Aunt Jean’s portrait


When I was little, I was intimidated by my Great Aunt Jean McKenzie! She seemed so big. She was experienced with kids – she had been a nanny to Eaton family children – and got a charge out of scaring me. When I called her a giant, she’d take a few steps toward me, threaten to bite my head off and send me scurrying.

She really was a giant in terms of her accomplishments as a Jamaican immigrant to Toronto in the 1920s. By the early 1940s, she had saved enough to buy a large house at 49 Beverley St. She turned it into accommodation for sleeping car porters and others. The multi-talented celebrity Paul Robeson stayed there; he couldn’t get a hotel room because of the racial climate at the time. The porters probably directed him to my aunt’s.
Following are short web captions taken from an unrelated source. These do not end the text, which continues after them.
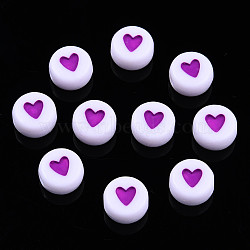 Opaque Acrylic Beads, with Enamel, Flat Round with Heart, Blue Violet, 7x3.5mm, Hole: 1.2mm, about 3600~3700pcs/500g(MACR-N008-57D)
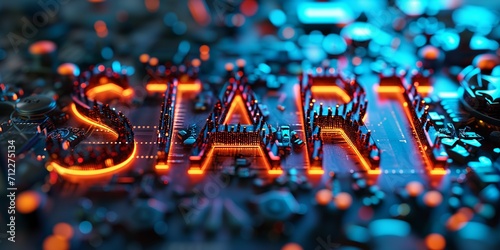 Start sign on cyber background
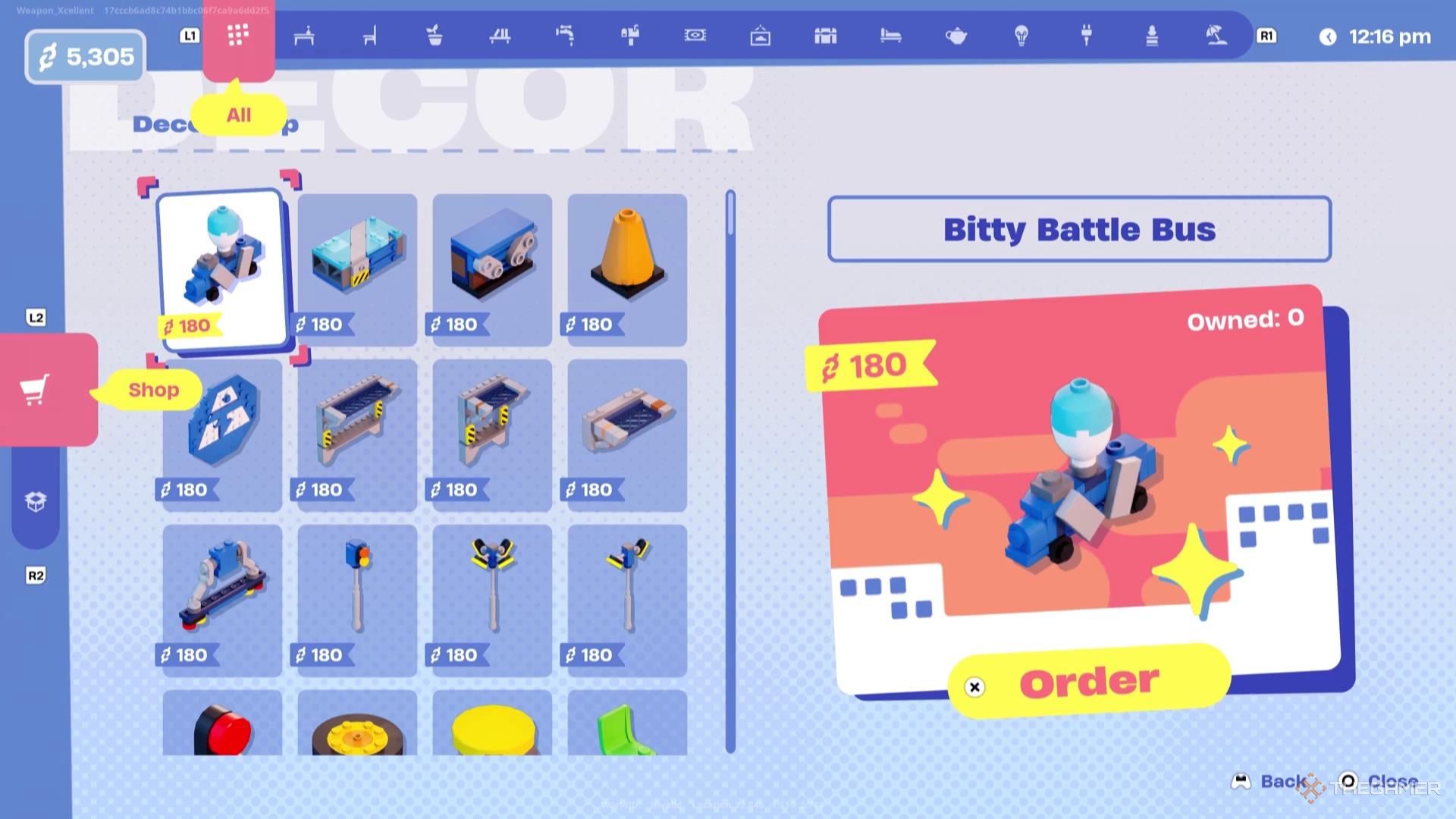 The page displaying all of the decorations available for purchase in Lego Fortnite Brick Life.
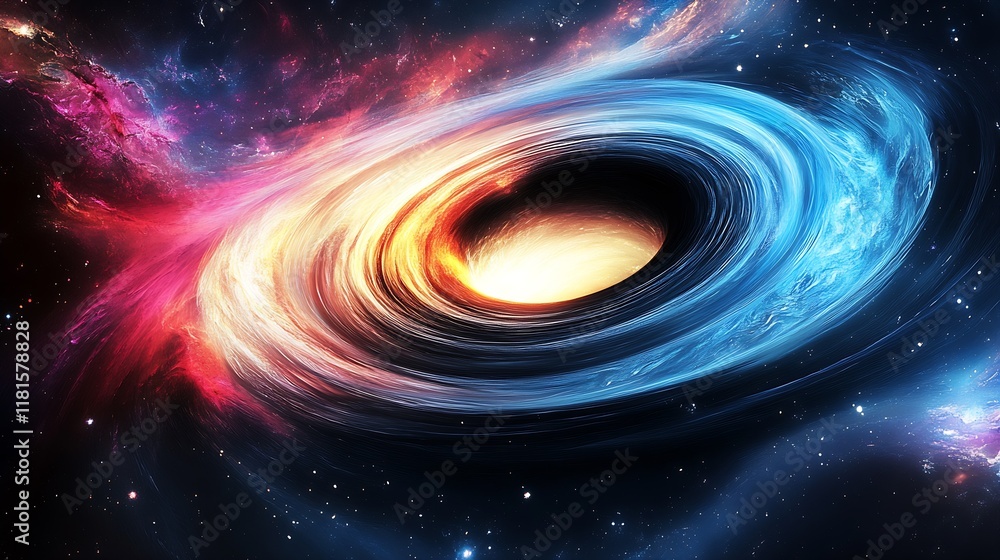Aufkleber luminous cosmic vortex and swirling energy patterns in expansive universe : generative ai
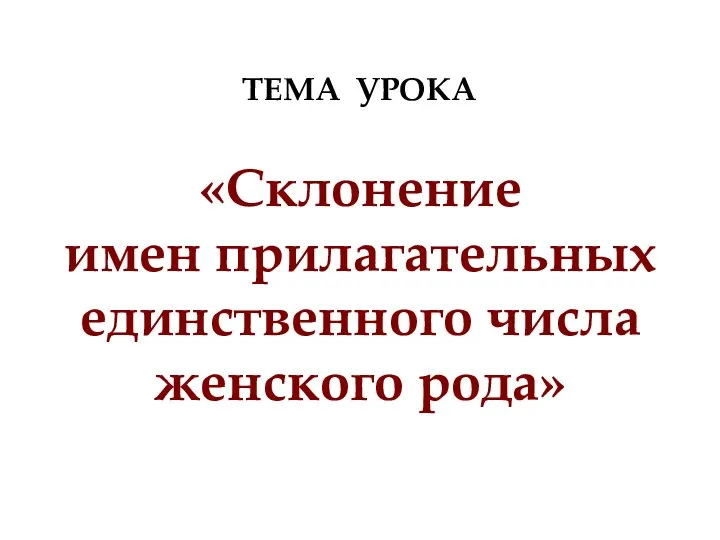 ТЕМА УРОКА «Склонение имен прилагательных единственного числа женского рода»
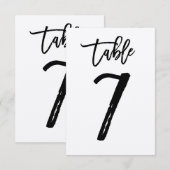 Chique handgeschreven kraft tafelnummerkaart | Taf Kaart (Voorkant / Achterkant)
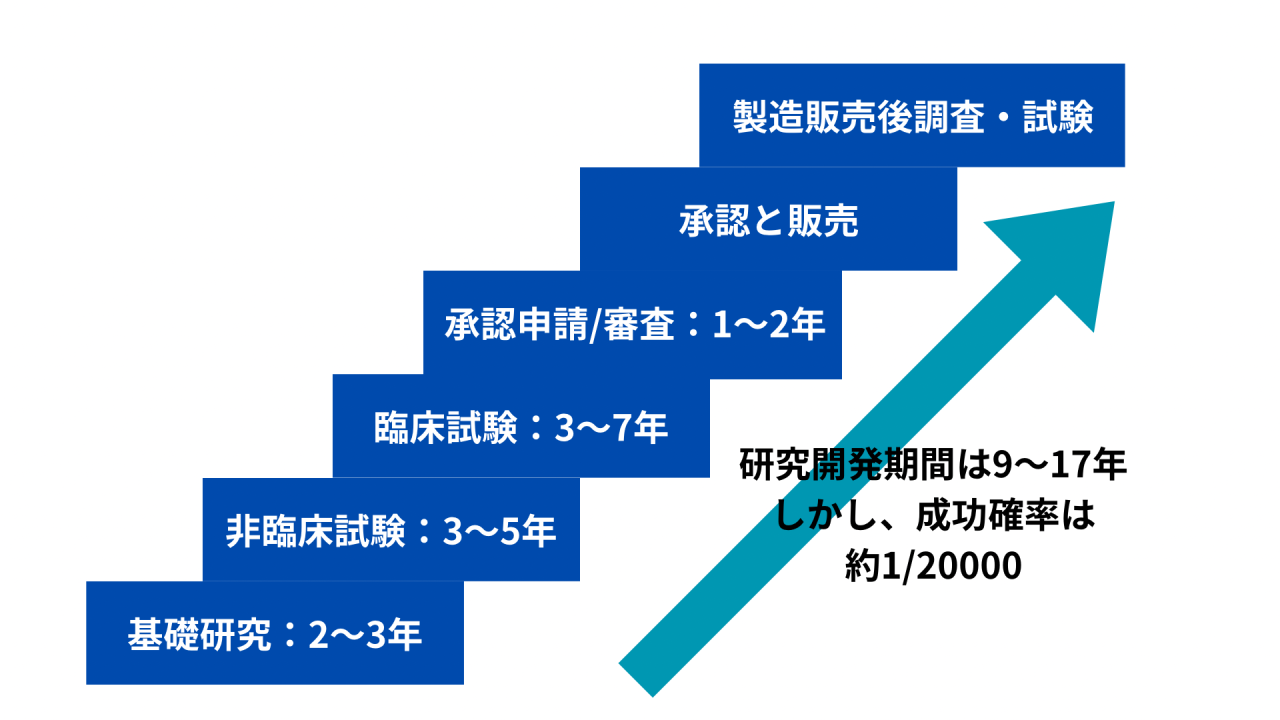 AI 創薬 成功例を示すために、まず創薬の手順を説明した画像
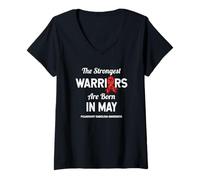 Women's Pulmonary Embolism Awareness May Birthday V-Neck T-Shirt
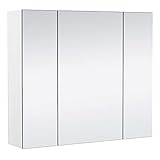 Yaheetech Spiegelschrank Badezimmerschrank mit 3 Spielgeltüren Aufbewahrungsschrank Wandschrank Medizinschrank Hängeschrank für Badezimmer 71 × 15 × 61 cm Weiß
The place was always busy. Our family, which then included cousins and grandfather, lived on one floor in the 1950s. My parents stayed there while they saved to buy their Scarborough home. My mother was a seamstress in the garment district; my father, a porter.

They had met at my aunt’s house, where my mother came to stay after leaving Jamaica at 18. My father, from New Brunswick, had left the air force and was living around the corner at University Settlement House. I was born in 1950.

I have some vivid memories of life at my aunt’s. I used to share my mother’s bed because my father was on the trains. Once, I awoke, mistook clothes on the bedpost for a man and alerted my mother. She screamed, and my grandfather came running. After that, I never slept in her bed again.

One Sunday morning in 1955, I awoke to smell smoke from the smoldering ruins of St. George the Martyr, a Black church in downtown. It had caught fire during the night.

I also remember chicken feet hanging in the back shed. My aunt made soup out of them, but they gave me the creeps.

My aunt was a generous, considerate woman. Preparing to return to Jamaica in the early 1970s, she sold her house and left money to a loyal Hungarian tenant, who had lived in her house for many years. She wanted to make sure he would be all right.

Wedding portrait of Gil’s parents


Portrait of Gil holding a painting of a house resembling his great aunt’s house and holding Jean’s portrait.